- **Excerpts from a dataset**
□ □ □ □ □ □ □

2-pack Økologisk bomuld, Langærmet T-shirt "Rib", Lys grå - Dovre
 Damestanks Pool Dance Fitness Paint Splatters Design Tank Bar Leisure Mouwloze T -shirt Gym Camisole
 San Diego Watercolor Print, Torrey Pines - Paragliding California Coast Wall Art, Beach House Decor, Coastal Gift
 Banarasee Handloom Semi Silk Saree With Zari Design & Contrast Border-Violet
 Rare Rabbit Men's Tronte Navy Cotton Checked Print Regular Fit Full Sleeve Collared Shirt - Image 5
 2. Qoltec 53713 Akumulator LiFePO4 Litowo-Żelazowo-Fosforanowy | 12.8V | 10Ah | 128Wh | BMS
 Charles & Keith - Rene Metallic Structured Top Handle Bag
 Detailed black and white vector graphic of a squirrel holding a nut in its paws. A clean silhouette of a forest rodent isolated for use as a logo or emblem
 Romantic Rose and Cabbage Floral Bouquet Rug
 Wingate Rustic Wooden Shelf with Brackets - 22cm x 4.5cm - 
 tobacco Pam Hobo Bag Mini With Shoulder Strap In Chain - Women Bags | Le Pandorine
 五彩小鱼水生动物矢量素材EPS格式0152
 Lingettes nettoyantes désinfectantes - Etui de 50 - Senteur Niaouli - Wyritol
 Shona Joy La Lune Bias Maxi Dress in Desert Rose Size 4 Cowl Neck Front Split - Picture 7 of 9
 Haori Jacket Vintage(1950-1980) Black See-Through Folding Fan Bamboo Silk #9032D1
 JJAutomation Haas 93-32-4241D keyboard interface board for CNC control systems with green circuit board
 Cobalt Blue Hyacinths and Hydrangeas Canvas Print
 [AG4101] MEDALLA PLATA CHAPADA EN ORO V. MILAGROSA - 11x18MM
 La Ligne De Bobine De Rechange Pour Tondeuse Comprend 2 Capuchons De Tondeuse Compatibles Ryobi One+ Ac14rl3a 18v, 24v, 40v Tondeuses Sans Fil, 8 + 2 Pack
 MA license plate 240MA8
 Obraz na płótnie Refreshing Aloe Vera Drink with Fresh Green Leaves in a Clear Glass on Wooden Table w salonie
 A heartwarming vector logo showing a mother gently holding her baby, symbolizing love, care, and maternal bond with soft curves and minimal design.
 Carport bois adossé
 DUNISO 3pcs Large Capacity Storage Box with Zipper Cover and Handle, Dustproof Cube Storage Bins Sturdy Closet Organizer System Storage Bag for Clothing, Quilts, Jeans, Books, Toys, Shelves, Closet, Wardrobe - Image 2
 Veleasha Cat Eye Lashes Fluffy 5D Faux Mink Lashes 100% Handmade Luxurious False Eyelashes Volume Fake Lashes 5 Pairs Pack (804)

□ □ □ □ □ □ □

- **Task statement**
Look above for the line holding "Romantic Rose and Cabbage Floral Bouquet Rug". Print it and every line after it, exactly, through the line holding "MA license plate 240MA8".

- **The answer**
 Romantic Rose and Cabbage Floral Bouquet Rug
 Wingate Rustic Wooden Shelf with Brackets - 22cm x 4.5cm - 
 tobacco Pam Hobo Bag Mini With Shoulder Strap In Chain - Women Bags | Le Pandorine
 五彩小鱼水生动物矢量素材EPS格式0152
 Lingettes nettoyantes désinfectantes - Etui de 50 - Senteur Niaouli - Wyritol
 Shona Joy La Lune Bias Maxi Dress in Desert Rose Size 4 Cowl Neck Front Split - Picture 7 of 9
 Haori Jacket Vintage(1950-1980) Black See-Through Folding Fan Bamboo Silk #9032D1
 JJAutomation Haas 93-32-4241D keyboard interface board for CNC control systems with green circuit board
 Cobalt Blue Hyacinths and Hydrangeas Canvas Print
 [AG4101] MEDALLA PLATA CHAPADA EN ORO V. MILAGROSA - 11x18MM
 La Ligne De Bobine De Rechange Pour Tondeuse Comprend 2 Capuchons De Tondeuse Compatibles Ryobi One+ Ac14rl3a 18v, 24v, 40v Tondeuses Sans Fil, 8 + 2 Pack
 MA license plate 240MA8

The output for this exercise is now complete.